2020.03.09 月曜日

豊橋発:「儲けすぎていないか?」

上場会社ではコーポレートガバナンスコードということが言われて久しい。管理体制構築義務は不正防止の観点から検討されていた。

 大和銀行事件はニューヨーク支店スタッフが損失の発覚を恐れてアメリカ国債保有高を偽造した事件だ。実に11年間不正が発見されないまま推移し、アメリカ金融当局(FRB)から3億4千万ドル(約350億円)の罰金を命ぜられた。

 これは国債のトレーダーに対して保有高を管理するチェックする第三者的な機構が存在しなかったことから、銀行代表者の体制構築義務違反が問われた。この事件は役員の体制構築義務が判示された最初の事例として有名だ(※1)。

 大阪地裁は「健全な会社経営を行うためには、目的とする事業の種類、性質等に応じて生じる各種のリスク…の状況を正確に把握し、適切に制御すること、すなわちリスク管理が欠かせず、会社が営む規模、特性等に応じたリスク管理体制(いわゆる内部統制システム)を整備することを要する」と判断した(判タ1047号86頁)。

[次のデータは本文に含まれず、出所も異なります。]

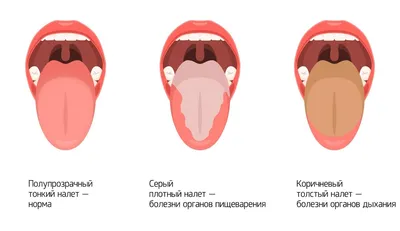 ИМПЛАНТАЦИЯ.ВИНИРЫ.СТОМАТОЛОГИЯ on Instagram: \"Уход за языком каждый день  утром и вечером избавляет от следующих проблем: 🪥защищает от кариозной  болезни, не давая вредным микробактериям образовывать кислоту, которая  разрушает эмаль; 🪥устраняет ...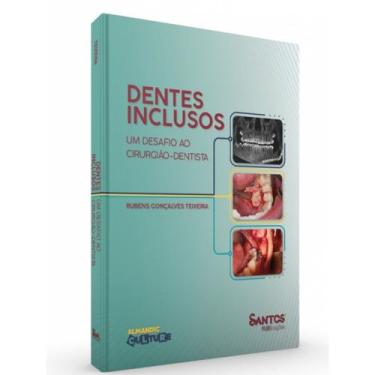 Imagem de Dentes Inclusos - Um Desafio Ao Cirurgião-Dentista - Santos Publicaçõe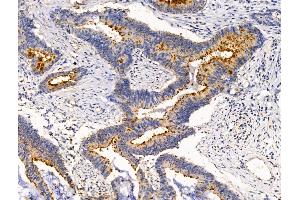 anti-Baculoviral IAP Repeat-Containing 6 (BIRC6) (C-Term) antibody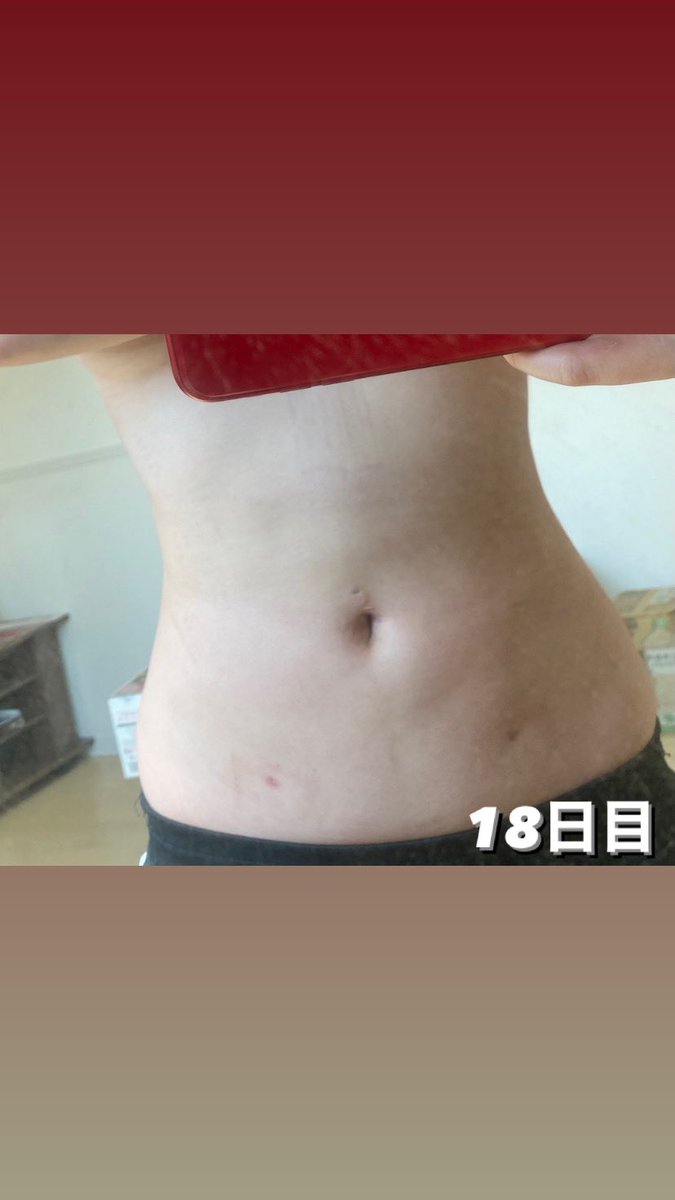 m_99893's tweet photo. エッジラインさんで脂肪吸引してきました！

部位は腹部360°➕ラブハンドル

写真じゃ分かりづらいけど下っ腹と横のラインがかなりスッキリ✨
ずっとお腹周りが気になってたからやって良かった🥰
@edgeline_jpkr https://t.co/1OpWKoxjeQ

 大会社はもちろん、中小企業においても内部体制は重要な課題だ。特に成長傾向にある会社においては内部体制がどうしても追いつかないことがあるので注意を要する。「儲け過ぎていないか」という問いは常に必要だ。

 これはちょうど思春期の子供が体は大きいが心やホルモンのバランスが追いついていないこととよく似ている。次々と支店を設けて利益をあげ支店長を置くことになるが、ガバナンスを徹底していないと、丸投げ方式の経営になっていく。支店が本当に利益を上げているのか、とんでもない冒険的取引をしていないか監督がないまま暴走することがある。

 これは思春期の若者がいけいけで平気で悪いことをするのに似ている。気付いたときには大きな損害、時には会社の存亡にかかわる悪さをすることがある。しかも、会社にうその報告をしてそれをごまかす。

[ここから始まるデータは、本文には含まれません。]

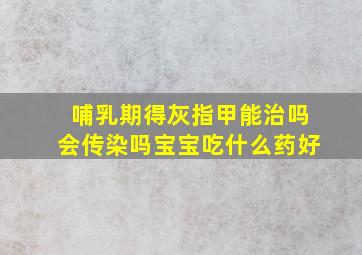 哺乳期得灰指甲能治吗会传染吗宝宝吃什么药好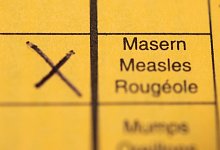 Masern - Tom Weller/dpa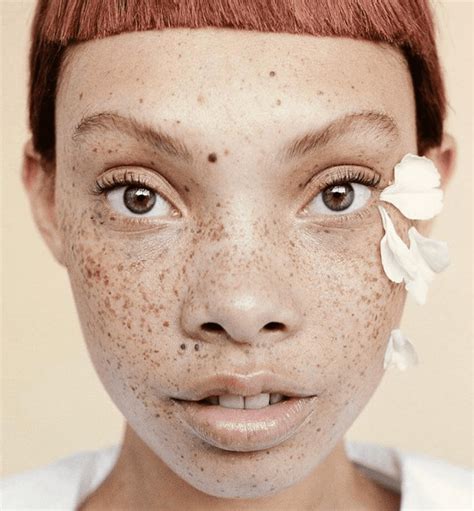 10 Photos Of People With Extraordinarily Unusual Features That Will Have You Redefining Beauty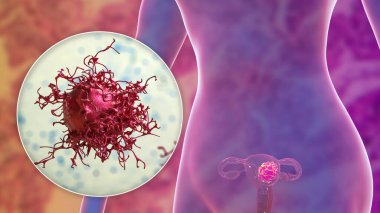 Rahim kanseri, 3 boyutlu illüstrasyon kadın rahminde habis tümör ve kanser hücresinin yakın plan görüntüsünü gösteriyor.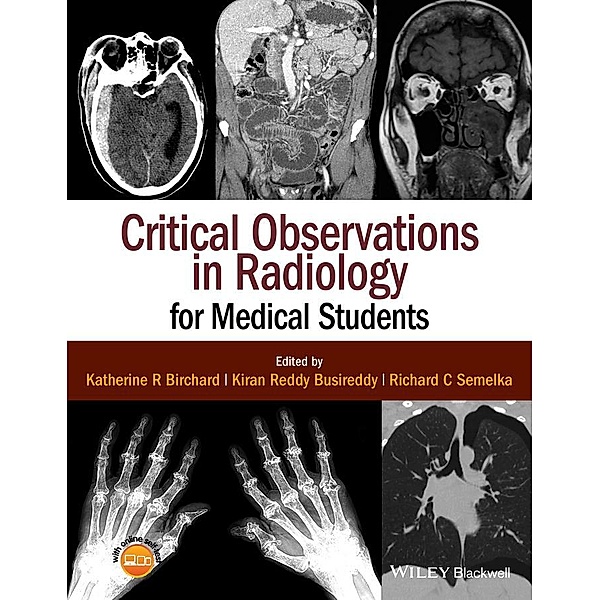Critical Observations in Radiology for Medical Students, Katherine R. Birchard, Kiran Reddy Busireddy, Richard C. Semelka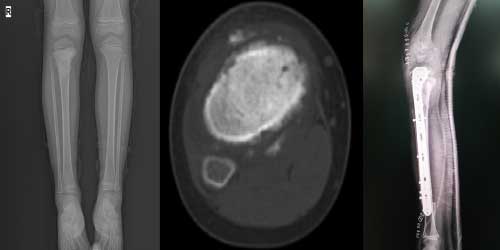 Vaka 38: Kaval kemiği (Tibia) Yerleşimli Osteosarkom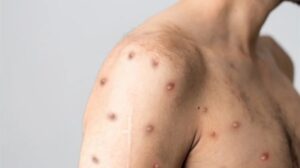 Monkeypox alias Cacar Monyet, Menular ke Manusia dan Bisa Sembuh Sendiri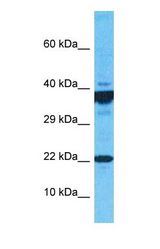Western blot of ARPC4 Antibody with human MCF7 Whole Cell lysate.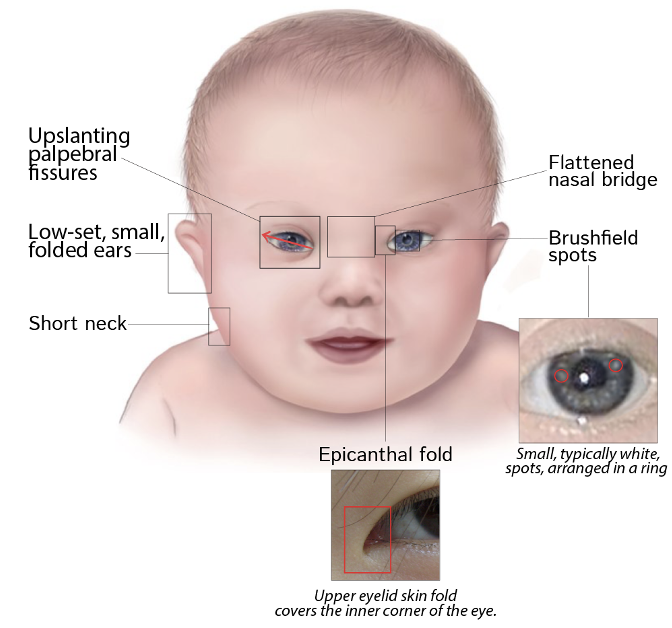 <p>The following characteristics are seen in what condition?</p><ul><li><p>heart defects</p></li><li><p>intellectual disability</p></li><li><p>up slanting palpebral fissures</p></li><li><p>flattened nasal bridge</p></li><li><p>brush field spots</p></li><li><p>epicanthal fold</p></li><li><p>increased risk of leukemia</p></li></ul><p></p>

 ガバナンスを徹底するためには企業ルールが必要となる。「ほうれんそう」によって部下が上司の手足のように動いているという感覚が起こるような関係が必要だ。

 こうしたルールがあって初めて部下に権限ができ、部下は安心して自分の判断ができる。会社から権限をもらっているという実感がより責任ある行動、より自由な活動を保障することになる。

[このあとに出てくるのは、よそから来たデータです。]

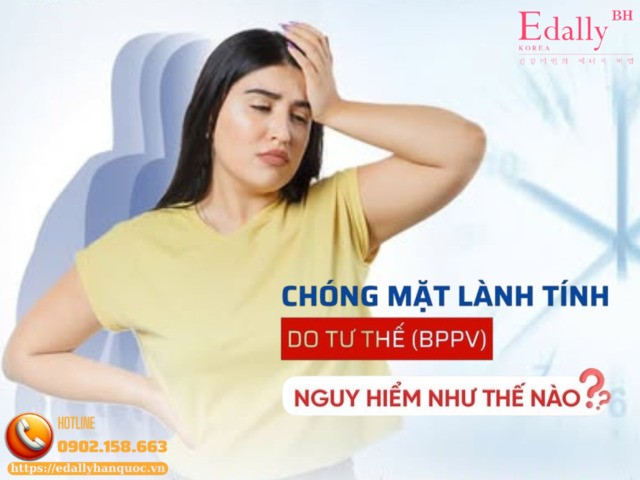 Chóng Mặt Lành Tính Do Tư Thế Có Nguy Hiểm Không?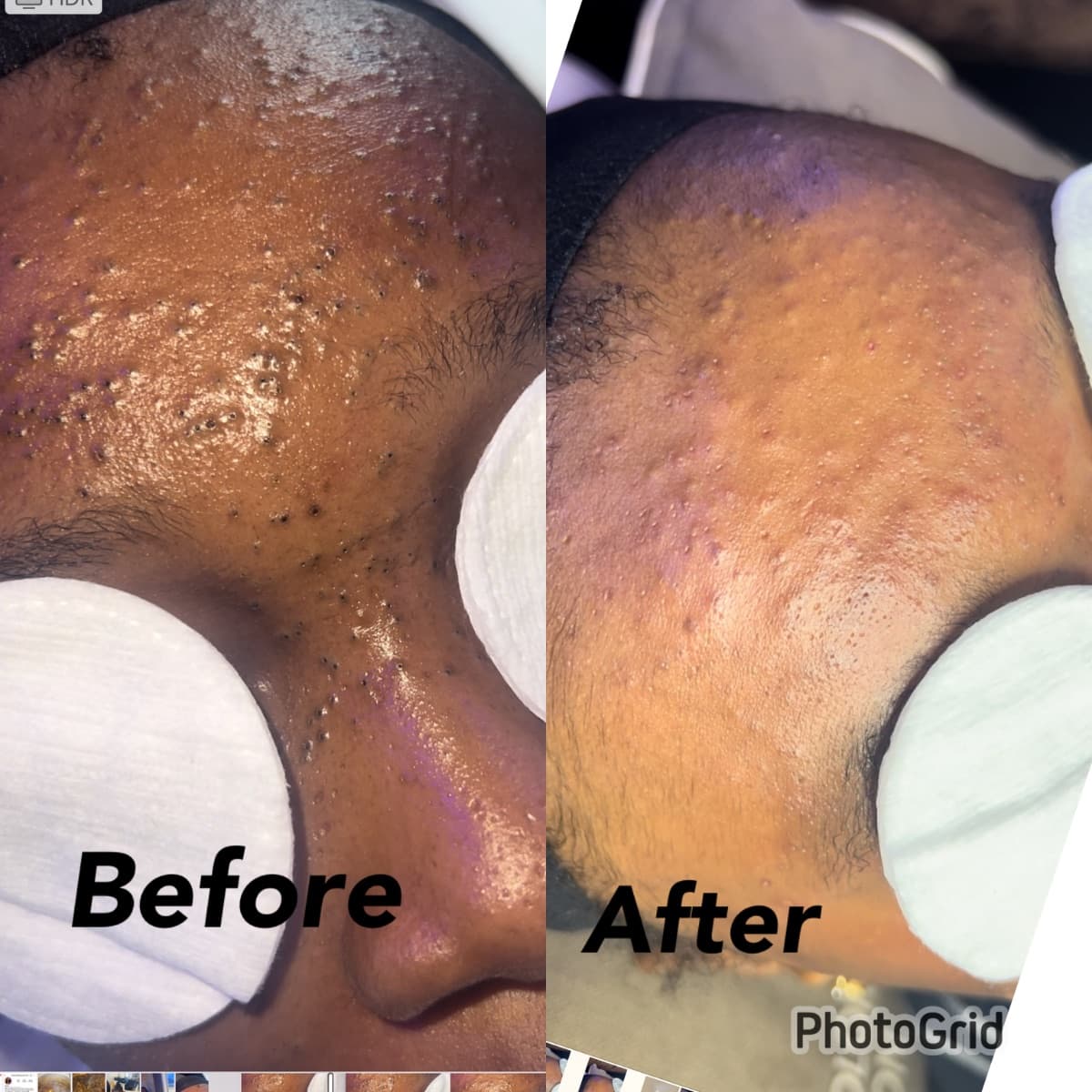 Acne Facials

 もっとも、いくら緻密なルールがあってもすべては決めることはできない。結局、最後は企業文化の到達点が問題となる。

※1
 会社法は内部統制システム構築に関する決定権限を、 取締役会設置会社では取締役会の専決事項として (会社法362条4項6号、 416条1項1号ホ、3項)、 取締役会非設置会社では取締役の多数決専決事項として (会社法348条3項4号)、 明文化した。 大会社および委員会設置会社では、 内部統制システムの整備に関する事項を決定することを義務づけた (会社法362条5項、 条2項、 条4項)。